■ Work to complete ■
Reproduce the full listing below exactly. Do not include the pictures.

■ Recorded data ■
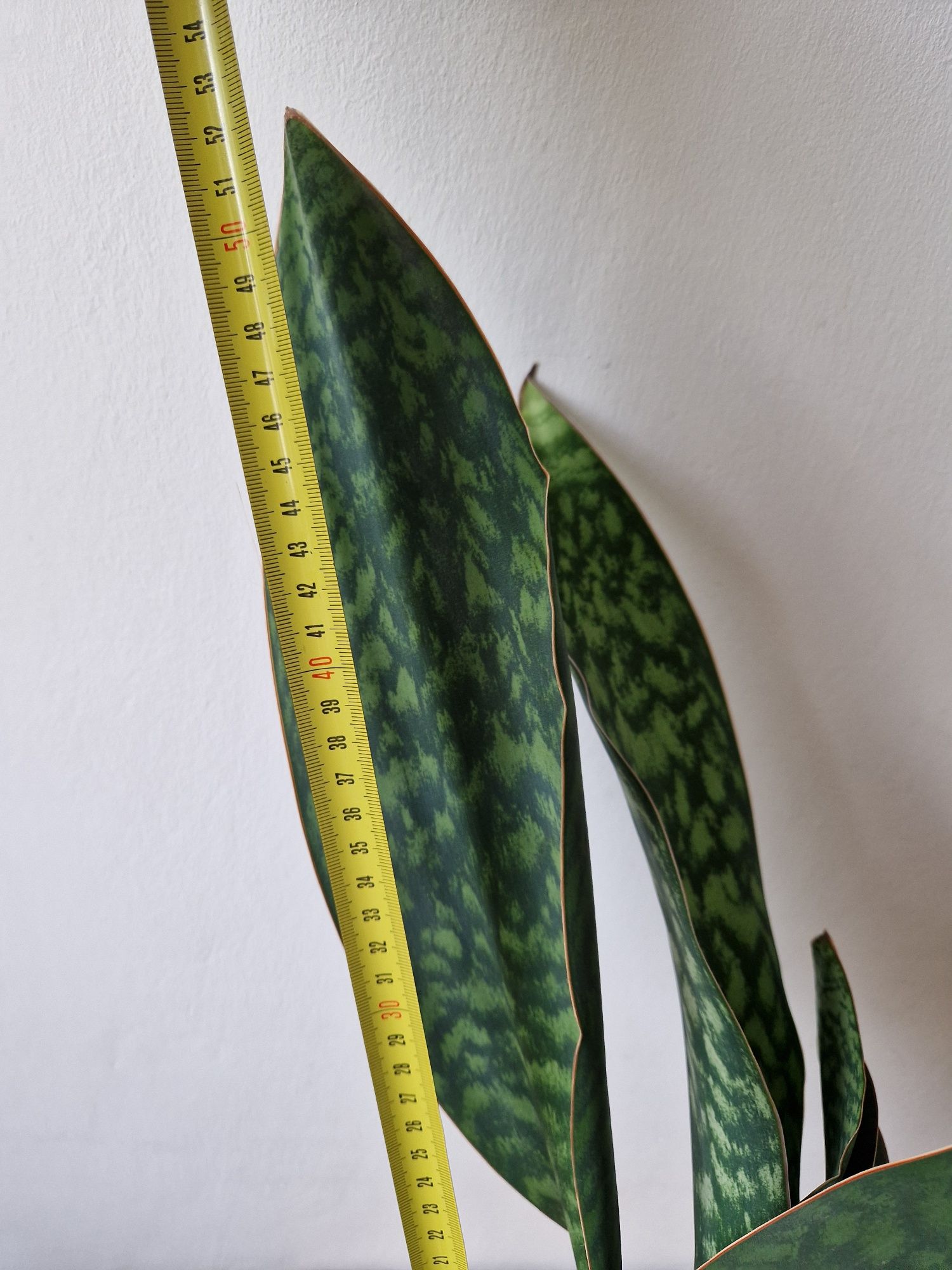 Sansewieria sansevieria kwiat doniczkowy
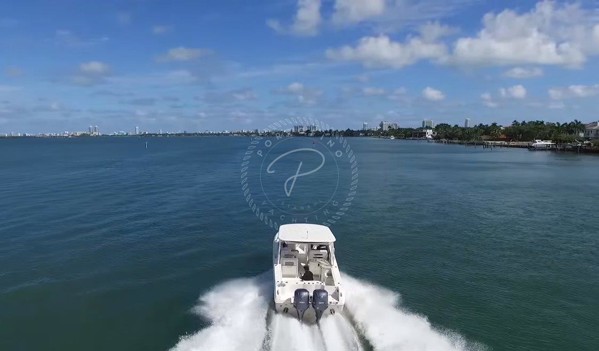 2016 SAILFISH 325 DC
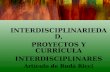 INTERDISCIPLINARIEDAD, PROYECTOS Y CURRÍCULA INTERDISCIPLINARES Artículo de Rudá Ricci.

■ Task response ■
 Sansewieria sansevieria kwiat doniczkowy
 2016 SAILFISH 325 DC
 INTERDISCIPLINARIEDAD, PROYECTOS Y CURRÍCULA INTERDISCIPLINARES Artículo de Rudá Ricci.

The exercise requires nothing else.